Trakinagem, espetáculo infantil concebido por Limachem Cherem, também autor do texto, se propõe a resgatar brincadeiras tradicionais e estimular a imaginação das crianças. No entanto, coloca em cena os mais batidos clichês, considerados, durante décadas, linguagem característica e exclusiva do teatro infantil: o pião, a bolinha de sabão, o cavalinho de pau. O problema não está nos elementos utilizados e sim na forma como eles surgem – sem nenhuma razão, simplesmente para serem citados e justificarem o projeto.

O texto engloba várias histórias. Inicia por um conhecido conto de Pedro Malasartes, quando mais uma vez alguém é enganado por este personagem das narrativas populares. E aí começa a falta de clareza, pois quem não conhece a história não entende o final. Em seguida, entram em cena dois adolescentes e acontece um desfiar de situações, sobre videogames, rap, numa mistura confusa.

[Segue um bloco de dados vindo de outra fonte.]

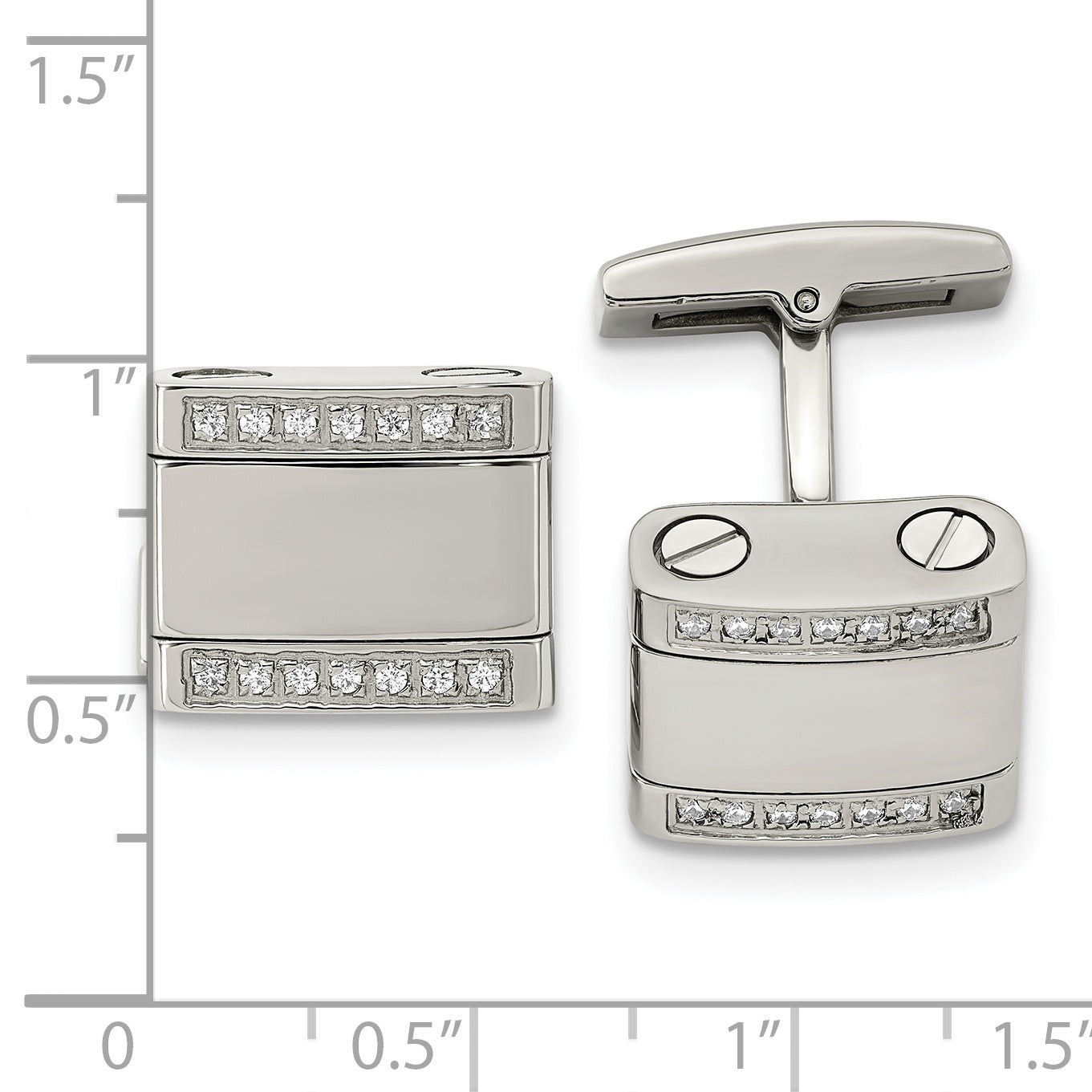 Chisel Stainless Steel Polished Cubic Zirconia Rounded Square Cufflinks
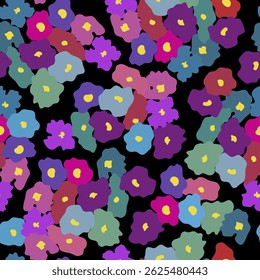 Multicolor summer textile print with cute small hand drawn florets on black background. Artistic floral seamless pattern in liberty style. Stylish multicolored palette. For textile, cover. Vector.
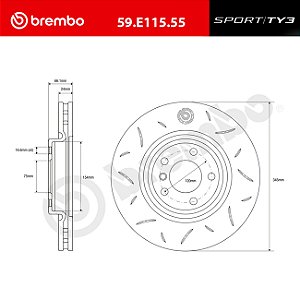 Discos Brembo Sport TY3 - BMW M135i/ M140i F2x, M235i/ M240i F2x  - Dianteiros (Par) 345x24 mm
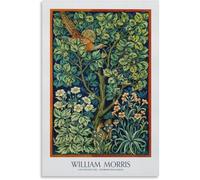 Matvsd Kohecs Póster de William Morris Árbol y pájaro Arte mural de flores de William Morris Grabados abstractos Imagen retro para decoración del hogar 30x45cm Sin marco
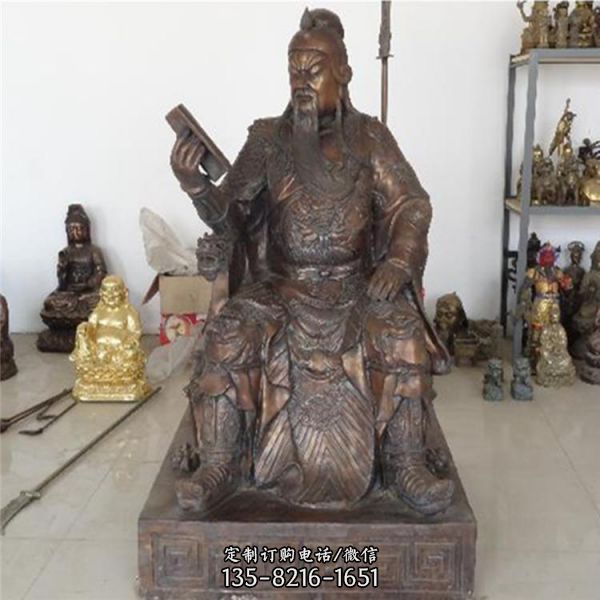 寺廟大型立式玻璃鋼仿銅彩繪關公雕塑（3）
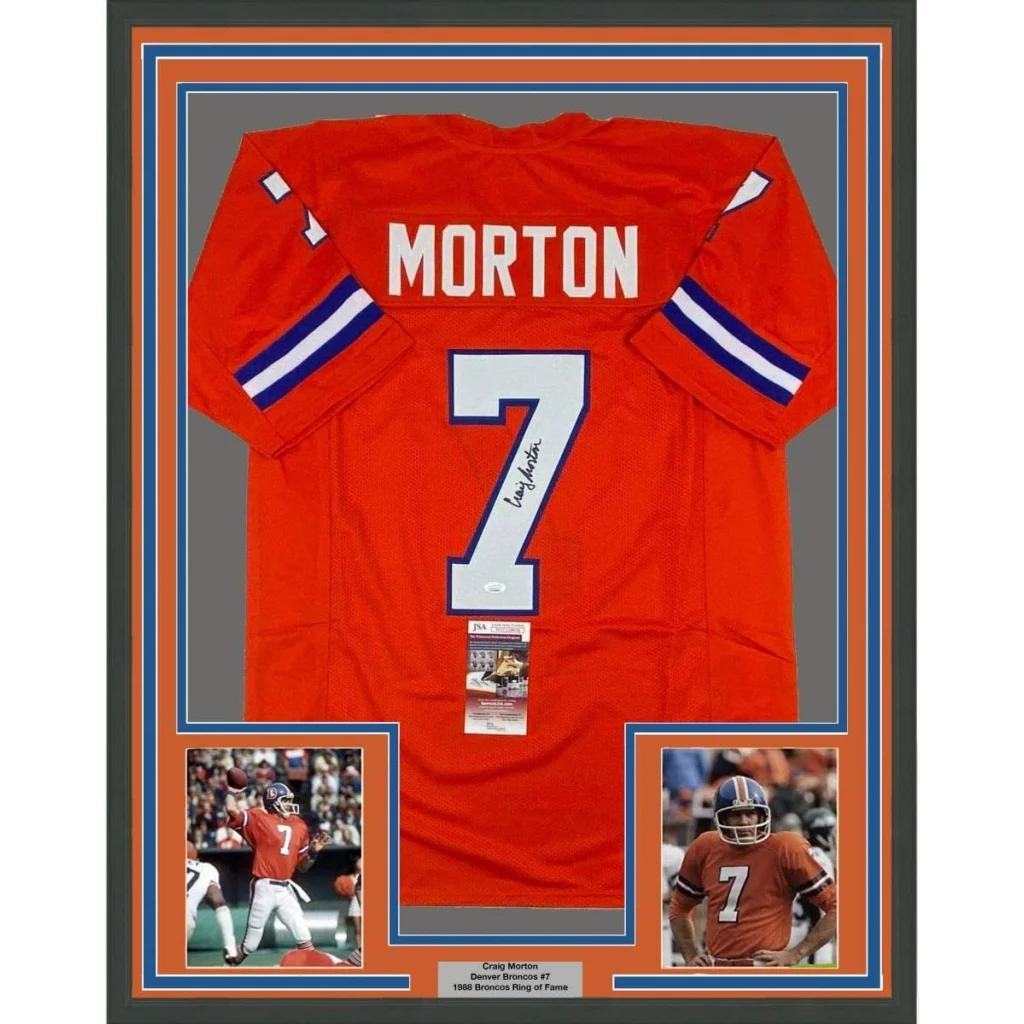 Framed Craig Morton Signed Denver Broncos Jersey with Player Photos and Plaque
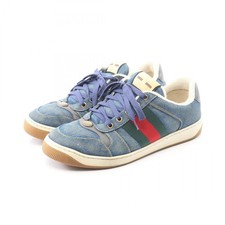 GUCCI Screener Sneakers Shoes 6 771097 denim leather Navy Multicolor Used mens
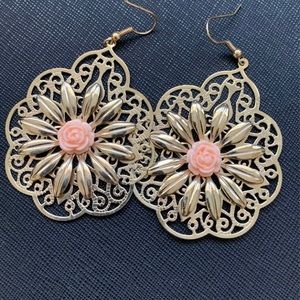 Gold Rose Earrings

O texto é uma colcha de retalhos em busca de um significado que conduz o público a nenhum lugar. A direção de Bruno Bacelar sucumbe a um conceito ultrapassado de teatro infantil e permite estarem em cena todos os signos possíveis, sem nenhuma contextualização. Permite também que o figurino do velho, embora criativo, remeta ao medieval, ainda que conviva com figurinos atuais vestidos pelas crianças, todos assinados por Fátima Cherem.

Não há como a direção se isentar da confusão, já que é responsável por tudo desde o cartaz da peça até o aplauso final. Limachem compõe “um velhinho engenhoso” como diz o texto de divulgação do espetáculo – que tem o propósito de fazer com que as crianças usem a imaginação. Porém, sua composição é tão pesada, por vezes assustadora, que não estimula a imaginação.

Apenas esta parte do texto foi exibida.